By Chlotrudis Independent Film Society
Rating: 2 cats
Director: Christian Linahan
Starring: Iwa Moto | Mercedes Cabral | Nicholas Varela | Will Devaughn
Country: philippines
Year: 2013
Running time: 110
IMDB: http://www.imdb.com/title/tt2529204/combined
Kyle says: “The international premiere of ABERYA (meaning ‘malfunction’ in Tagalog) was one of five offerings of the New York Asian Film Festival in a series labeled ‘Manila Chronicles: The New Filipino Cinema.’ It is more interesting for its aims than its accomplishments, but is worth seeing for its four overlapping tales of yearnings by Filipino young people to find a place in the cosmos.
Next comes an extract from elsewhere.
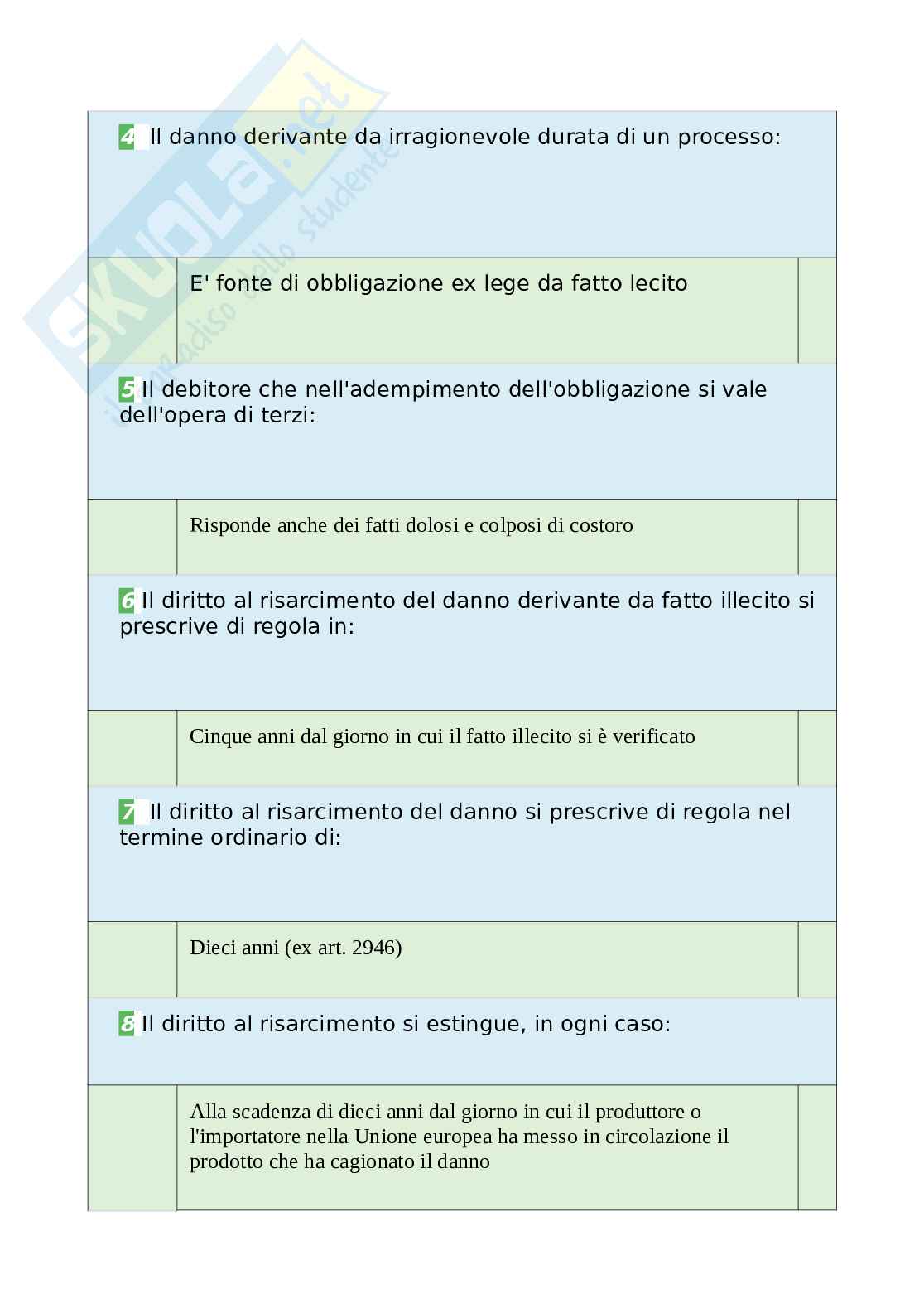 Tutte le 620 domande e risposte esame di Diritto civile - 113 Pagine - Anno Accademico 2024 Pag. 26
It is set in Cebu, Queen City of the South in the Philippines, and marks the directorial debut of Christian Linaban, whose next feature I look forward to. First up is the handsome champion boxer named Lourd, who narcissistically enjoys his own physical perfection as he chronicles for us how he pursues a different girl each evening. On Saturday he proposes to Eden, who is the subject of the fourth section, but calls off the wedding on Sunday when he meets Angel, who is the second narrator and a former nun turned prostitute. She meets and has a drug-induced episode of delirium with Mike, subject of the third sequence, a stammering drug dealing politician’s son not fluent in Tagalog, whose products are all referentially named for BACK TO THE FUTURE (Delorean, McFly), who is looking forward to travel through time and rebirth in fire. Eden is a social climbing wannabe and reluctant porn star lying in wait for the right man, who is definitely not Lourd. His lengthy self-indulgent conversation with the camera will likely try the patience of most viewers and fail to lure them back into the story, which is also
irritating in its discussion of purification through religious pursuit and close-ups of religious artifacts. And time travel through massive doses of drugs is a little too easy. One perks up briefly for the line: ‘When freedom is terrifying, freedom fighters are terrorists.’ Also for the car crash at the end, which serves as a metaphor for the entire film. If only this film came anywhere close to the expectations engendered by the NYAFF program book: ‘ABERYA is a bootleg green screen head trip into the depths of a post-colonial hangover, a primal ritual song of people starved for love and salvation. It’s about a city just out of the jungle, still teetering on the high-wire between religious piety and primal savagery.’ 2 cats
“Seen Monday, July 1, 2013, New York Asian Film Festival at the Walter Reade Theater, Film Society of Lincoln Center, New York.”